Wayne Gretzky has already seen his commercial mentor, Bruce McNall prepare to plead guilty to crimes that revolve around defrauding various entities of a sum estimated at better than $230 million. Gretzky owes his somewhat unintentional entry into the American labour market to McNall's daring purchase of The Great One from the ever opportunistic Edmonton car dealer Peter Pocklington. Perhaps the public can judge some of the players potential for honest capitalistic effort by the company they keep. McNall, of course, is all set to keep extremely close company with a brand new circle of uniforms after he is sentenced for his decade of criminal deception. I would sincerely hope that any foray into team ownership by the Gretzky's, Messier's, Hull's and Chelios' is based on business principles other than those practiced by the likes of McNall in the course of his ruinous criminal rampage through the fields of finance.
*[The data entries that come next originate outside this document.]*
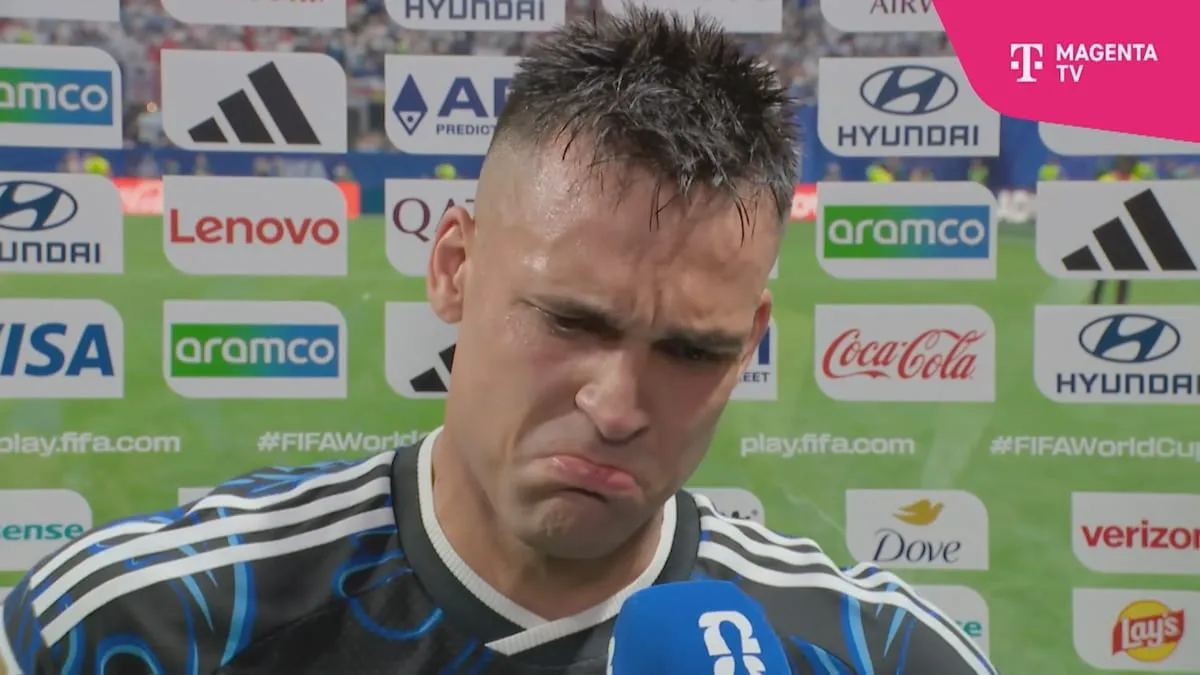 Air Mata Lautaro Martínez: Haru Sang Pahlawan Antar Argentina ke Final Piala Dunia 2026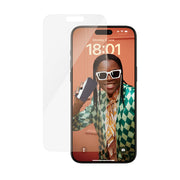 PanzerGlass Screen Protector iPhone 15 Pro Max
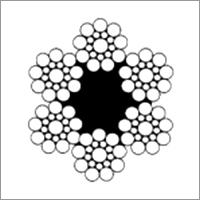 Round Strand Steel Wire Ropes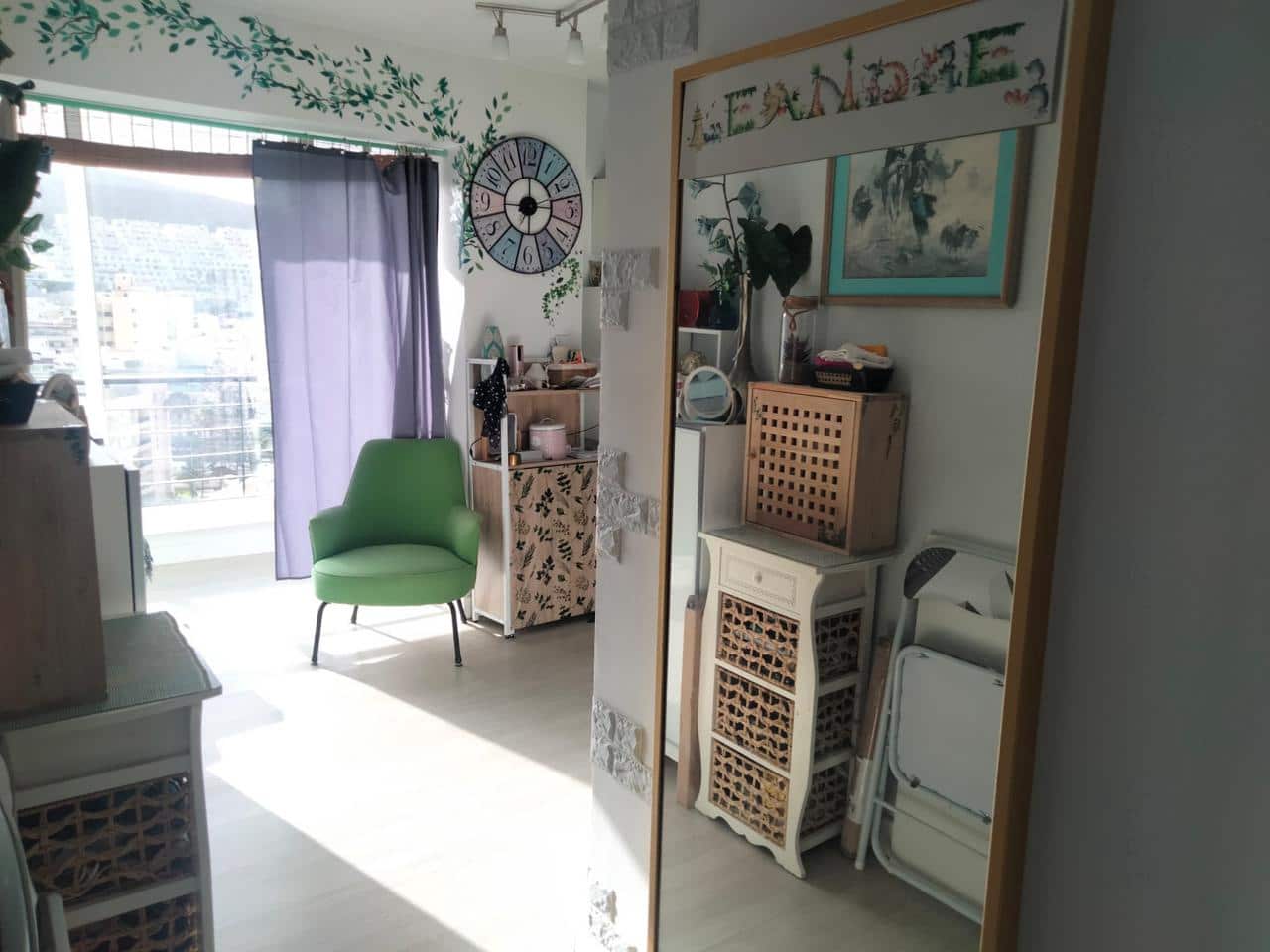 Piso de 2 habitaciones en Los Cristianos en venta con piscina garaje - 350.000 € (Ref: 9397886)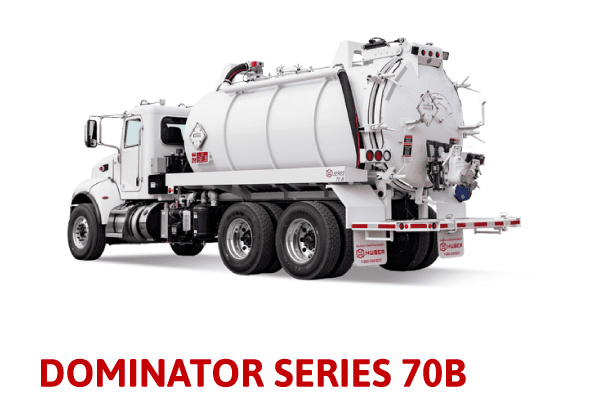 Dominator Series 70B | Keith Huber Corporation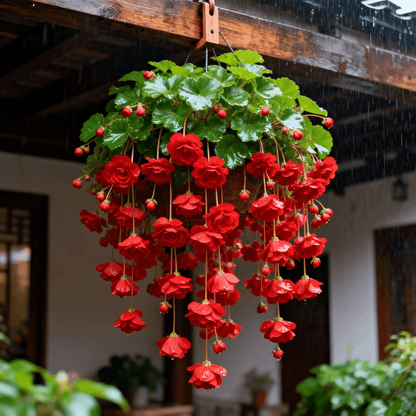 ❀【7 days germination】Last Day Up to 50% OFF💐Rare Weeping Crabapple Flowers Seeds-923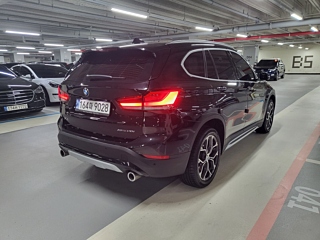BMW X1 F48 2022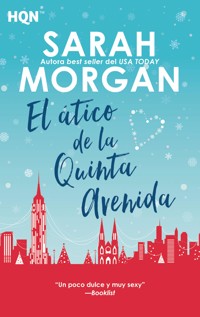 El ático de la Quinta Avenida - Sarah Morgan - E-Book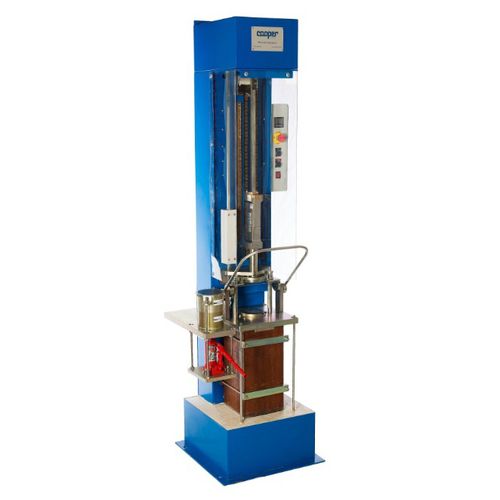 Compattatore di laboratorio Marshall - CRT-MARSH-HR - Cooper Research Technology - automatico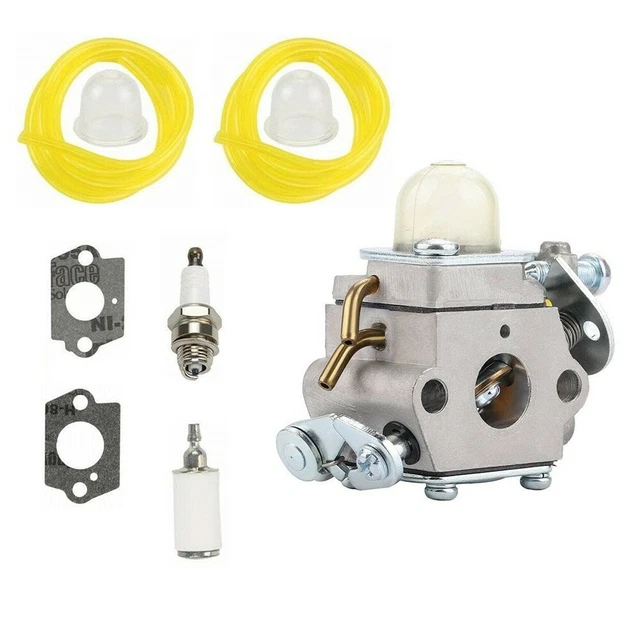 Kit carburateur pratique neuf pièces de vie extérieure RLT26CDS remplacement eBa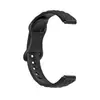 Adequado para Xiaomi Mi Band 8/9/10/11 Padrão Diamante Fivela Borboleta Pulseira de Silicone Nova Pulseira de Reposição Versátil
Would the fan in the gray seats in Maple Leaf Gardens enjoy watching Mark Messier the first time he has to deal with a whining snot masquerading as a left winger making a demand for a mid-season contract revision. Better still, I would like to see him trying to arrange a line of credit for his team after a season of mature and sensible management by the legion of economists, actuaries and management experts who now populate the rosters of the strike-bound teams. Obviously Messier and his fellow player/owners/Renaissance men would look to their own ranks and to their close acquaintances for hired help to lease the rinks, negotiate the contracts and get the hockey equipment from airport to airport. Surely plenty of the 10% Brigade otherwise known as hockey agents will be frothingly anxious to sign up to manage these new teams for their longtime clients/meal tickets. These agents will be glad to get away from that old skimming procedure that now serves as their source of income. Getting 10% off the top of a contract will be eagerly replaced by the obvious pleasures of negotiating collective agreements with rink attendants and arranging to have the local scalpers arrested.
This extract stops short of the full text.